The United Nations refugee agency (UNHCR) says thousands of Afghan refugees have been returning home from Iran, but it says thousands more are fleeing southern Afghanistan into Pakistan because of fighting and lawlessness. Meanwhile, other U.N. agencies are trying to expand the distribution of medical supplies and food in the capital, Kabul.
The United Nations refugee agency says the number of Afghans fleeing the region between Kandahar and Spin Boldak area has nearly tripled, with over a thousand refugees arriving on Thursday at the agency's facilities in Chaman inside Pakistan.

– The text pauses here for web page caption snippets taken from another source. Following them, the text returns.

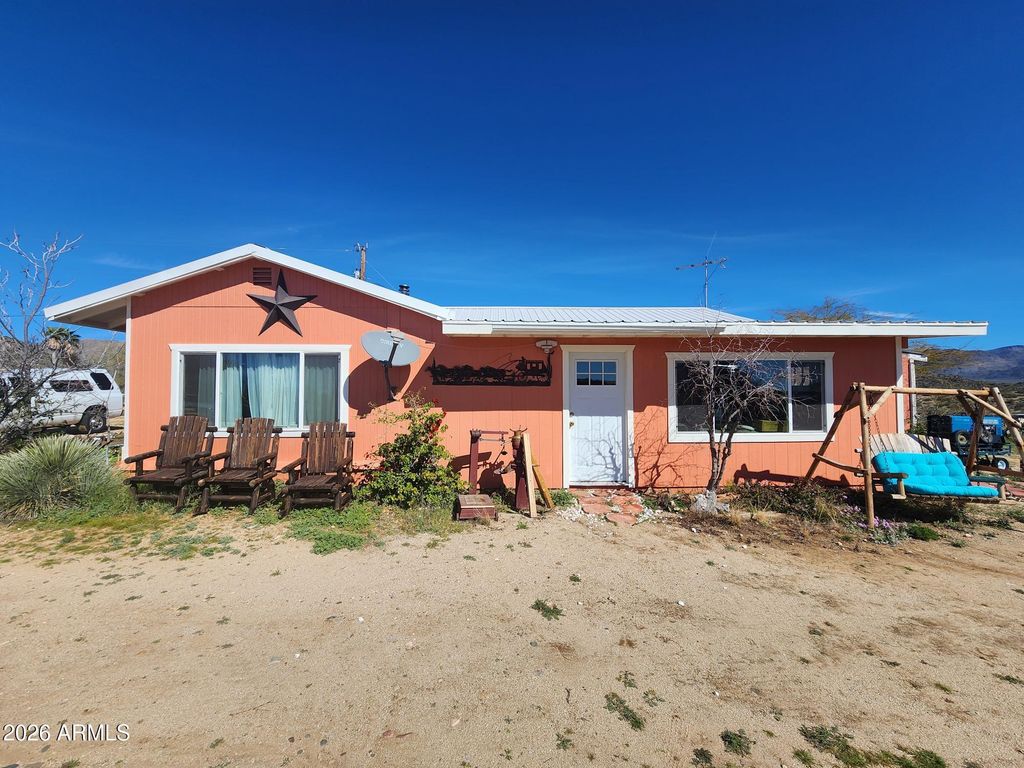 26115 S GHOST TOWN Road, Congress, AZ 85332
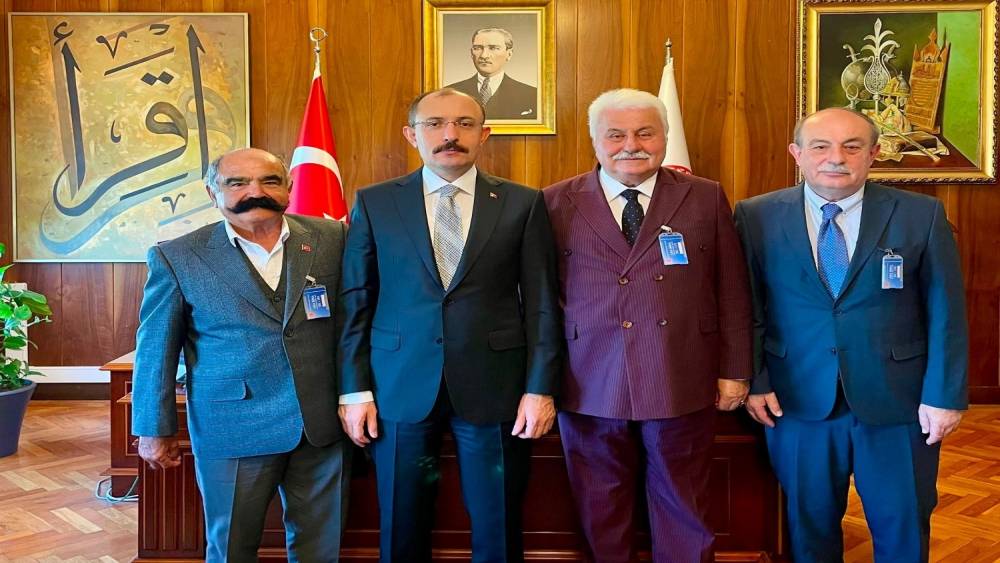 KARADENİZBİRLİK, 2026 ay&ccedil;i&ccedil;eği alım sezonu hazırlıklarını s&uuml;rd&uuml;r&uuml;yor
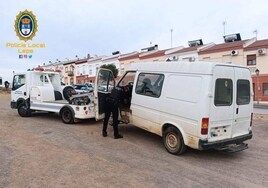 Recuperan en Lepe una furgoneta robada hace tres meses en Cartaya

Peter Kessler of the UNHCR says some 12,000 Afghans arrived in recent weeks and others may be passing thorough the frontier at unpatrolled areas and filtering into places like Quetta in Pakistan. "The Afghans who have arrived in the Chaman area, speak about increasing insecurity in the Kandahar-Spin Boldak area. There are concerns about lawlessness, fears of banditry along the road between Spin Boldak and Kandahar. These are desperate people. These are people who have no other way to get any further from the border," Mr. Kessler explained.
The World Food Program (WFP) says the continuing insecurity in southern Afghanistan has made most of the area off-limits to food distribution. It says it is trying to feed 17,000 vulnerable Afghans in camps close to Spin Boldak. Officials also have plans to start providing food to more than one million residents of the Afghan capital, Kabul very soon.
WFP spokeswoman Christiane Bertiaume says the agency has now employed over 2,000 Afghan women to find out the food needs of households headed by women. "Those 2,400 have been hired to go, knock door by door to go inside, check what are the needs and register the people. Give them a register card so they come and pick up the food," she said.
Ms. Bertiaume says the WFP hopes to start school feeding programs for boys and girls once Afghanistan's educational system is operating.
Meanwhile, local health authorities in Kabul have called on the World Health Organization (WHO) to lead the rebuilding of medical services in the city. Spokesman Gregory Hartl says the WHO has examined a number of hospitals in the Kabul area.
"We have done an assessment of 72 hospitals and looked at the conditions there and found that of the 72, 47 were listed as fair in the services they were able to provide. Twenty-two were rated at poor and the other three were rated as being good so there is still a range of what is available in Kabul. Obviously health services have decreased to a significant extent," he said.
The WHO says it will make HIV-AIDS counseling and awareness an important element in rebuilding Afghanistan's health services.